(misdirected to pike@roxen.com .. updated version)
hi there pikers.. we're currently in the process of making the lpc code of the psyc muve server executable for both lpc and pike drivers. that is we're making a hybrid language with a stack of #define macros which compile to the respective syntaxes.
there is one thing that however cannot be solved with current pike compilers. lpc has a syntax for runtime generated bytecode lambdas (something pike doesn't provide by the way.. so what), which use a syntax that goes #'symbol.
all we hope for is to be able to keep this stuff in an #ifdef LPC, but that doesn't work currently. martin nilsson has submitted a cvs patch which tells the preprocessor.h to ignore unknown #' when in !OUTP(). that looks good and works fine, but a new problem is produced by the ' in #':
the lexer will additionally want to see a closing tick for an apparent char definition. that can be circumvented by appending a //' to the line, as in input_to(#'bla); //'
it will be a mess of circumventions in our code if we keep it like this, so i tried to change the behaviour. unfortunately the tick gobbler is deep in calcC() and i would have to pass the flags variable all the way down the chain of calcN() functions. any suggestions for this one?
i was surprised the preprocessor is parsing the ifdef'd out code at all, it could run ahead looking for the next ^(\s*)#e(lse|ndif) and thus improve compilation time. then tobij pointed out that multiline string syntaxes like #" and "\ could theoretically mask an #endif in a string definition. ugh.
the other issue i was trying to address today is to support the LPC syntax for ranges "from behind": string[2..<2]. looks like i would have to add a new opt_int_relative_range to the basic_type definition in language.yacc, then copy the code for opt_int_range with maybe a negated 2nd argument and then handle the case when the string is at our hands. funny problem is, i couldn't find the code where the interpreter actually applies the range to the string. can anyone give me a hint where that happens?
the virtues of [x..-y] and [x..<y] syntaxes have been discussed before, so i'll simply presume the majority supports the string[2..<2] plan. i just realized however, that it doesn't stop at that.. i would have to add all variants of [..<] [<..] and [<..<] to the grammar with or without arguments. maybe a bunch of define macros in our code are less work then.. ;-(
sorry for rushing in and going straight for the language core.. but that's what we need
I don't think it's wrong to require that deactivated #if blocks still are syntactically correct at the token level. If it's a pike file it's still pike code in those parts too - things like comments and string literals must be considered to correctly decide whether something that looks like a cpp directive really is one or not. The preprocessor is not language independent.

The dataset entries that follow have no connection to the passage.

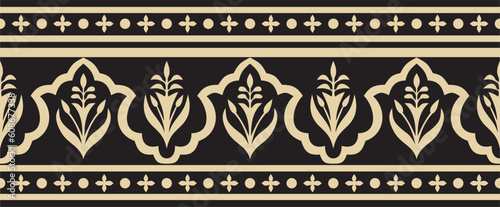 Vector seamless national gold and black ornament of ancient Persia. Iranian ethnic endless border, frame..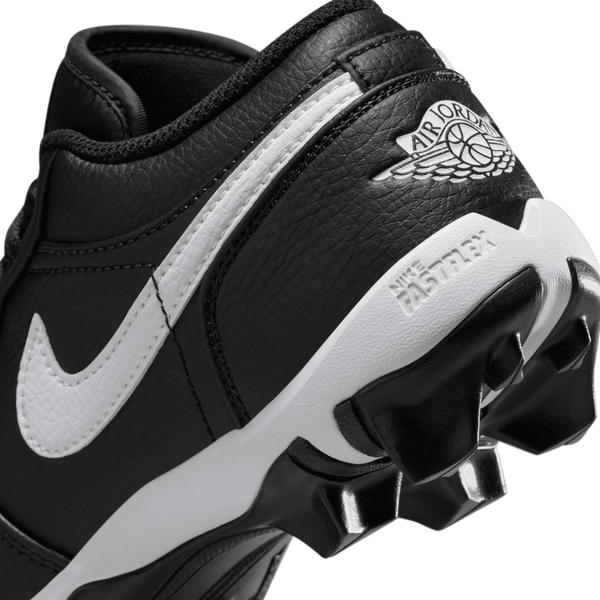 Jordan AJ 1 Low Cleats - Boys' Grade School - White/Black - Image 8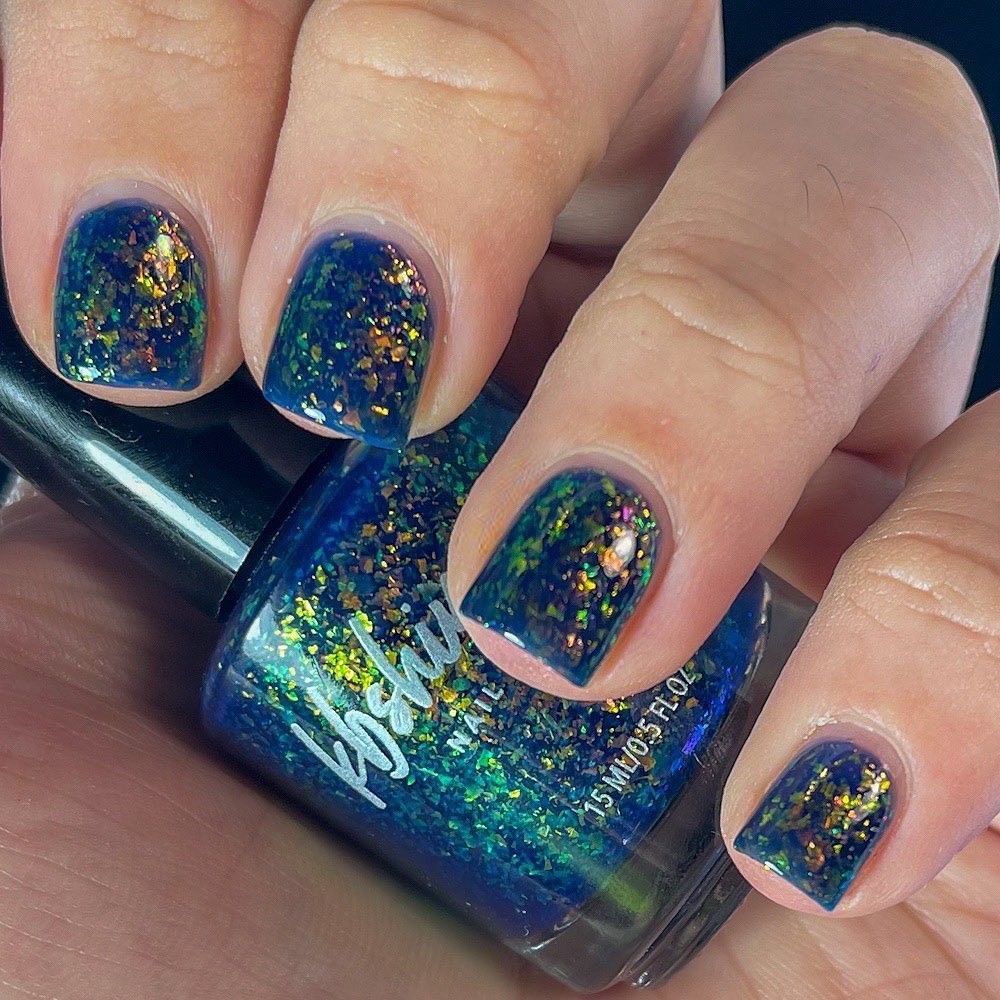 Glossy Navy with Green Shimmer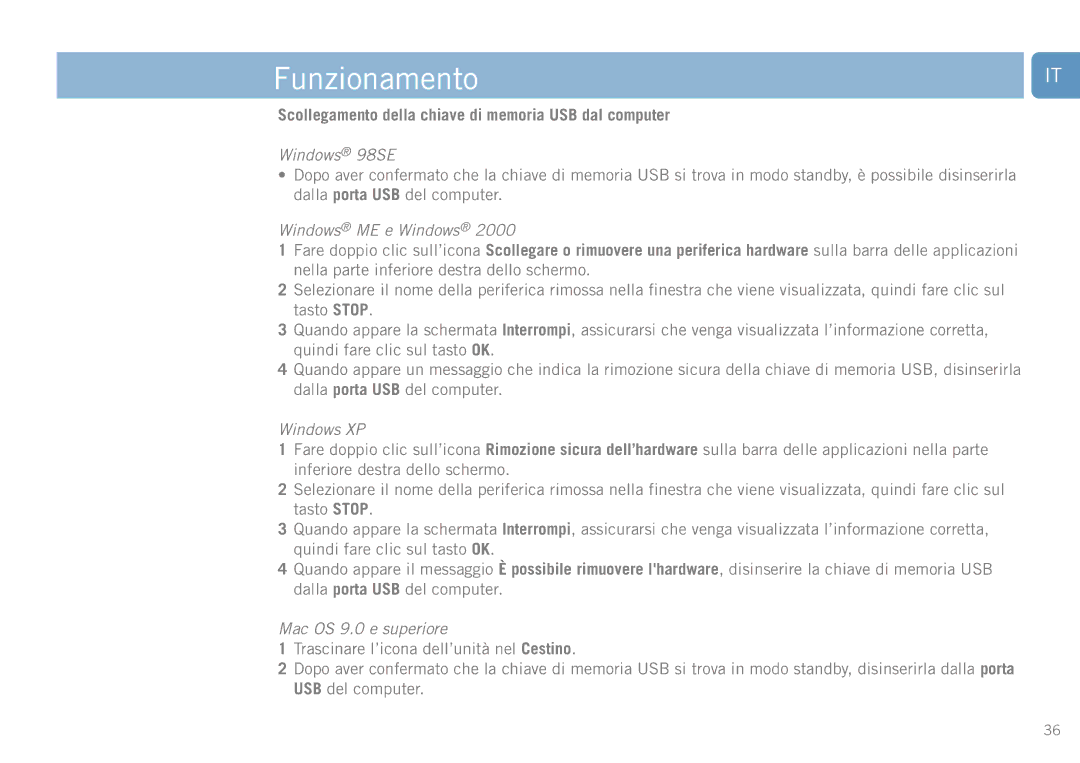 Philips FM01SW60 Scollegamento della chiave di memoria USB dal computer, Windows ME e Windows, Mac OS 9.0 e superiore 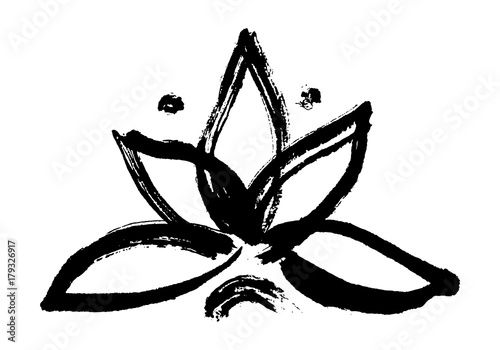 Lotus symbol. Handmade vector ink painting.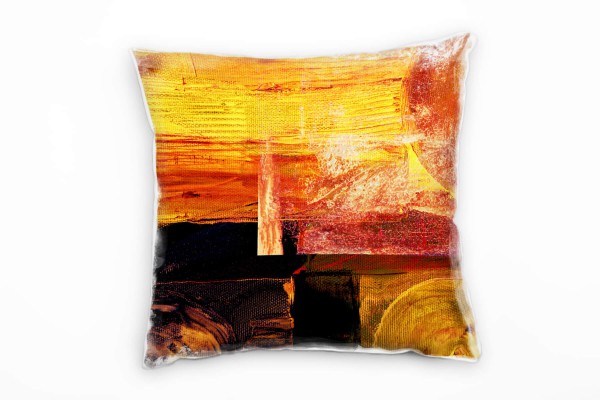 Paul Sinus Art Abstrakt, gold, rot, schwarz, gemalt, Striche, Kreise Deko Kissen 40x40cm für Couch Sofa Lounge Zier
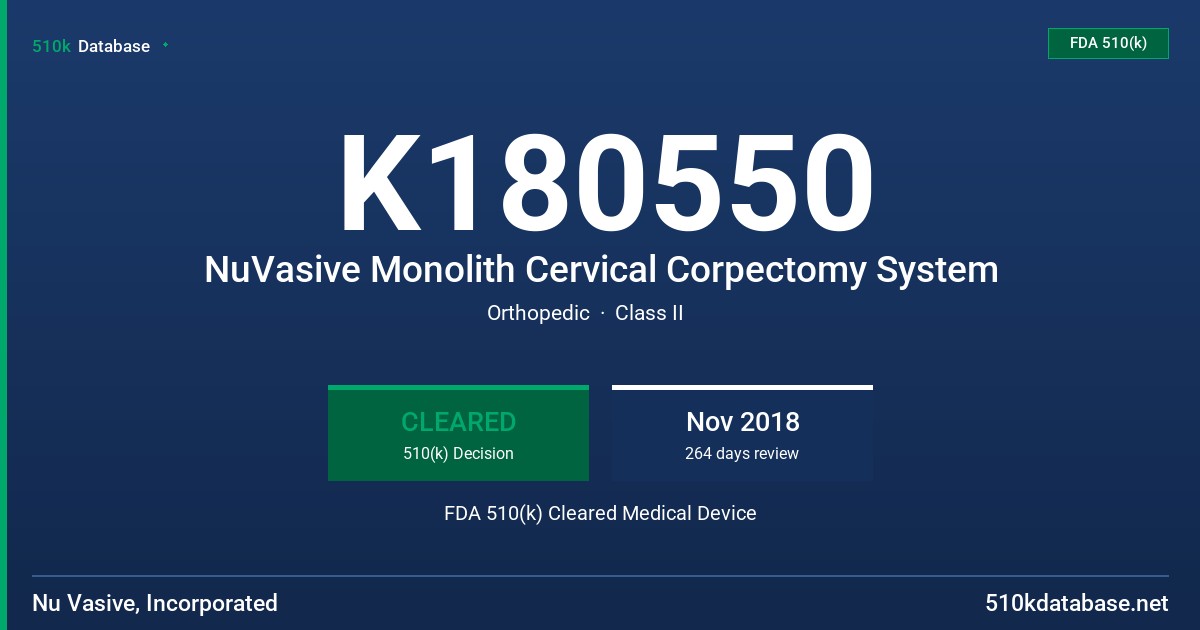 K180550 NuVasive Monolith Cervical Corpectomy System FDA 510(k) Cleared Medical Device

The problem you run in to is due to that you want to use two languages with different tokenization rules in the same file. The imho logical way to cope with that is to run some kind of transformation on them before they are ever fed to the language specific preprocessor and compiler. Maybe you can use a language independent preprocessor like m4 or a custom loader that rewrite the files before feeding them to cpp() and compile(). Make a custom master and override compile_file and compile_string, perhaps?
I'm not sure the "fix" that Nilsson made to ignore invalid cpp directives in deactivated blocks is a good one. It can make errors harder to detect, e.g. if you happen to write "#elsif" in there.
the virtues of [x..-y] and [x..<y] syntaxes have been discussed before, so i'll simply presume the majority supports the string[2..<2] plan.
I'm for it.
i would have to add all variants of [..<] [<..] and [<..<] to the grammar with or without arguments.
I can't think of anything useful for those variants to do. What do they do in lpc?
On Tue, Oct 26, 2004 at 09:10:05PM +0200, Martin Stjernholm, Roxen IS @ Pike developers forum wrote:
are syntactically correct at the token level. If it's a pike file it's still pike code in those parts too - things like comments and string
Sometimes #ifdefs used to isolate not finished (thus probably syntactically incorrect) code from compiler. Once I was surprised when got warning like "Unfinished string", when I used #ifdef for some text which was not Pike code (a string was like `blabla'), but I couldn't use regular comments to isolate it (there were some */ inside).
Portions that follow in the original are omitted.